Taking aim at the Legislature, he lamented lawmakers’ unwillingness to lower the state’s income tax as much as he would like. He repeated his attack that a third of all lawmakers were little more than rubber stamps for their party leaders, while another third were only in politics for self-interests.

And while the Legislature over the past five years has lowered the state’s top income tax rate from 8.5 percent to a 7.15 percent, LePage said that was still well above the New England average of 6.6 percent and the national average of 5.5 percent.

“Not very good progress,” LePage said. “Not a very dynamic way to move forward.”


The governor also lamented the state’s per-capita income as among the lowest in the nation, suggesting the state’s tax policies, coupled with its high energy costs, had been stifling the economy for decades. He said lawmakers and former governors have been unwilling to break that status quo.

“How many years have we been below the national average for per-capita income?” LePage asked the audience. “Just look back, go backward and look; it’s been most of our lifetimes. So if you keep doing the same thing and expect different results – good luck.”

LePage said he has tried to get lawmakers to spend more on hiring additional agents for the Maine Drug Enforcement Agency to crack down on drug dealers and fight the state’s growing opioid addiction problem. He said his request for funds for an additional 22 drug agents was reduced to 14 and eventually to two by the Legislature.

“We are spending somewhere around $76 million in the last year — $76 million, folks — on treatment and rehabbing people with opiate addictions,” LePage said. “We spend $3 million a year on getting the traffickers; that’s all: $3 million a year.”

LePage said those trafficking drugs were not users but nefarious business people and his emphasis on more law enforcement would help stem the flow of drugs that he said are “killing our kids.”

State Rep. Gina Melaragno, D-Auburn, one of two lawmakers in the room Wednesday, said later that LePage was correct in his assessment of drug dealers as businesspeople, but she disagreed with his approach. She said the way to stop the problem was with more addiction treatment and education.


“I think we should be investing in treatment centers instead of highly paid personnel to prosecute drug crimes,” Melaragno said.

Melaragno also said LePage promotes income tax cuts as a key cure to the state’s long-flagging economy but fails to mention that reducing the income tax would result in an increase in sales and property taxes.

“The wealthy will reap more of the benefits with income tax cuts than working and middle-class people,” Melaragno said. “Working and middle class see their sales tax go up, see their property tax cut go up, so in effect they are funding this decrease in income taxes for the wealthy.”

The Auburn visit was the second by LePage to the Twin Cities in as many weeks. LePage’s communications staff said the town hall-style meetings would continue in November after LePage returns from a trade trip to Japan and China this month.

LePage’s press secretary, Adrienne Bennett, said the governor would like to visit Aroostook and Knox counties next to take his message directly to the people.
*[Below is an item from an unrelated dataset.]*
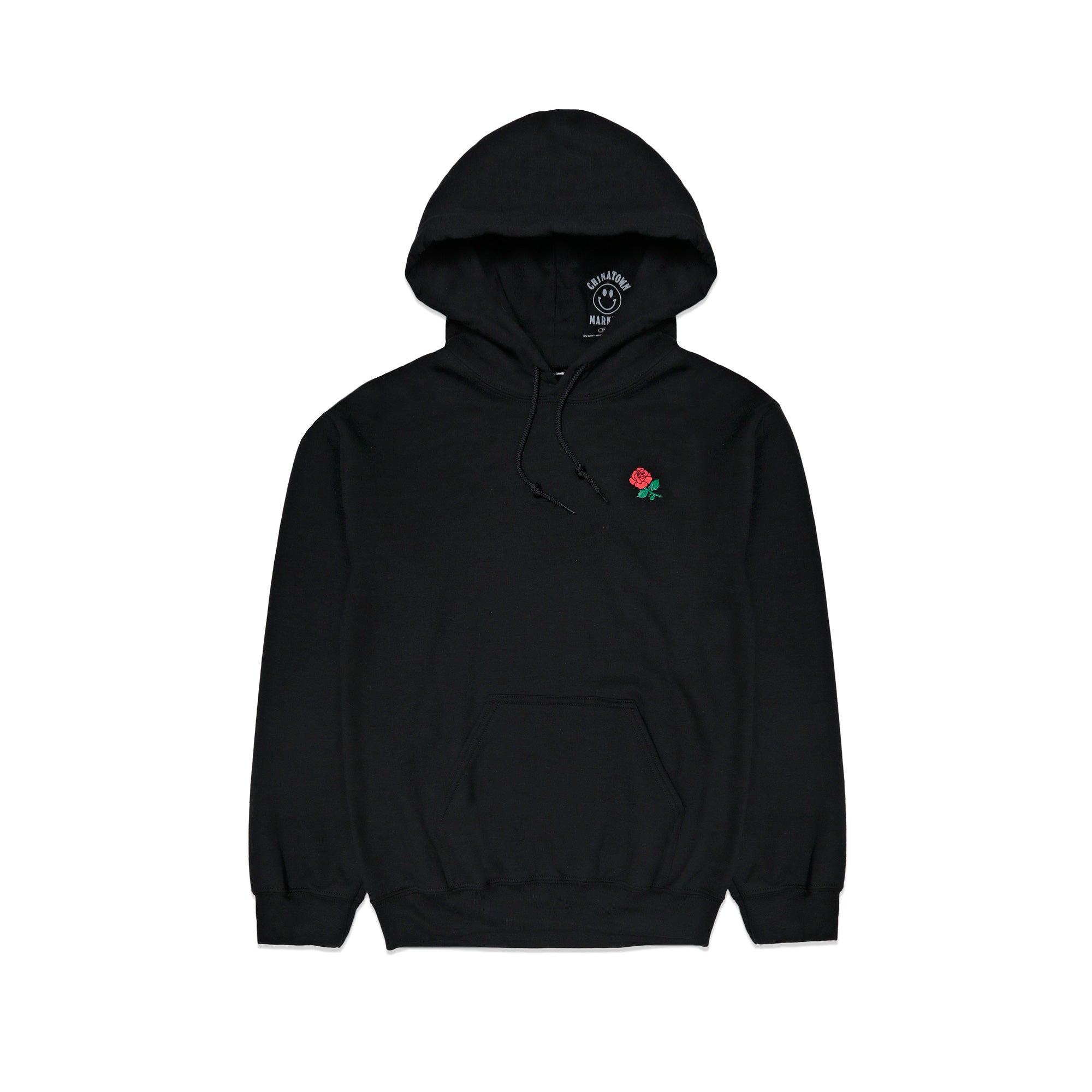 Chinatown Market Thank You Hoodie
But Melaragno said she suspects LePage’s recent campaign with town hall meetings around the state are more an attempt to distract Mainers from legal issues the governor is facing around his role in the firing of House Speaker Mark Eves, D-North Berwick, from a nonprofit school he was hired to lead.
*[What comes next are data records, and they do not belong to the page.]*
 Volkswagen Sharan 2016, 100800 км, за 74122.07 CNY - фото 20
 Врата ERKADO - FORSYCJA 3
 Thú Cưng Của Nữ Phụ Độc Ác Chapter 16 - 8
Eves, before he even started at the school, had his contract canceled after LePage threatened to pull state funding for the school if it hired Eves. The issue has been the focus of an investigation by the Legislature’s Government Oversight Committee, and Eves has separately filed a civil lawsuit against LePage over the action.

“It just appears as though it could be sort of an attempt at distracting people from the fact that he could be facing impeachment and that quite possibly he’s done something illegal – or at least one thing illegal,” Melaragno said referencing the Eves scandal.

Some lawmakers have suggested LePage may be impeached over the matter, but others have said that’s only a remote possibility.